**Your assignment:**
From the first line to the last, give the material again exactly, without the images.

**Information shown:**
━━━━━━━━━━

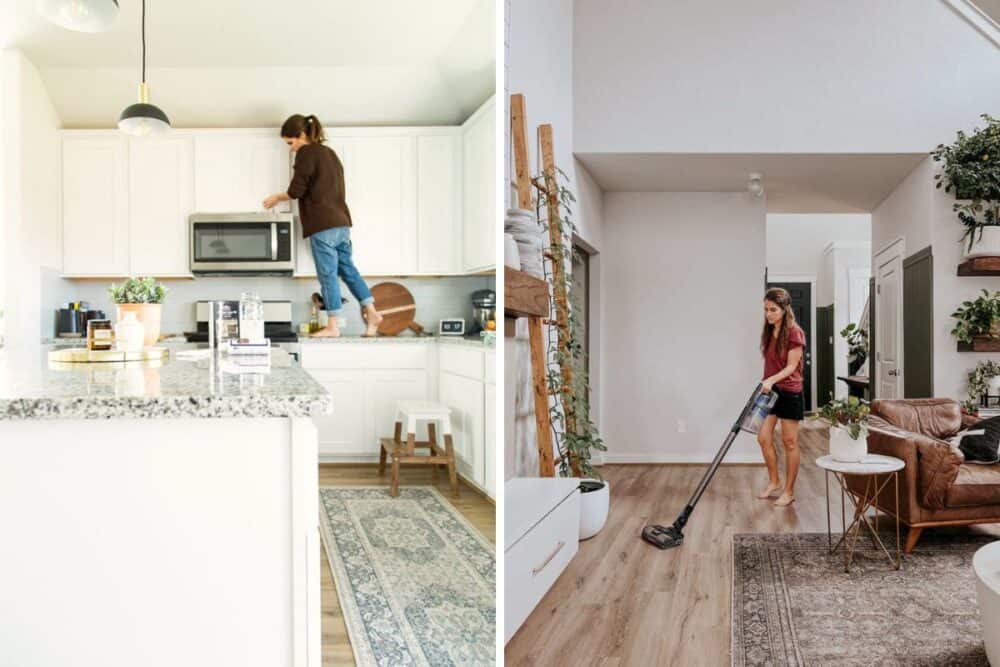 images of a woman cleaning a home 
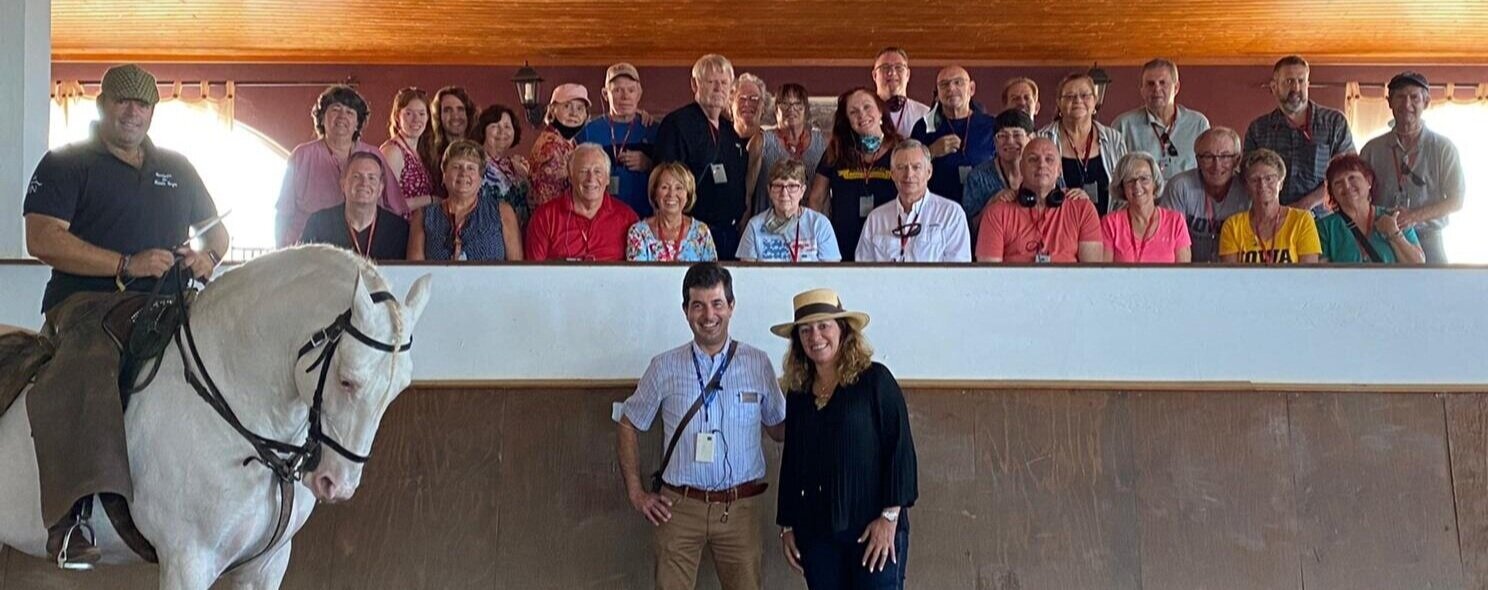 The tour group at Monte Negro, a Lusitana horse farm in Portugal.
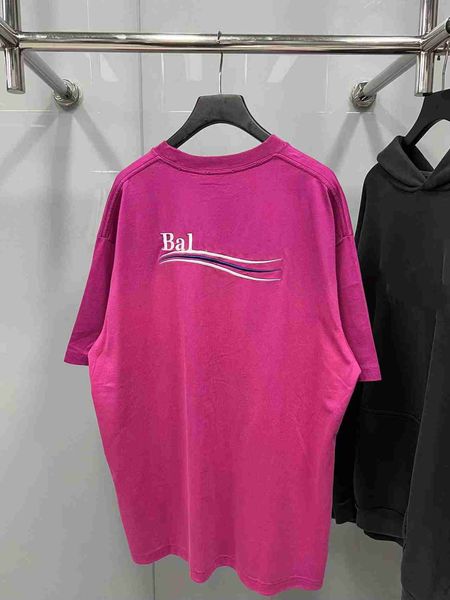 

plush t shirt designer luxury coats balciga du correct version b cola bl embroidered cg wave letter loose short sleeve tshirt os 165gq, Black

━━━━━━━━━━

**Answer section:**
 images of a woman cleaning a home 
 The tour group at Monte Negro, a Lusitana horse farm in Portugal.

plush t shirt designer luxury coats balciga du correct version b cola bl embroidered cg wave letter loose short sleeve tshirt os 165gq, Black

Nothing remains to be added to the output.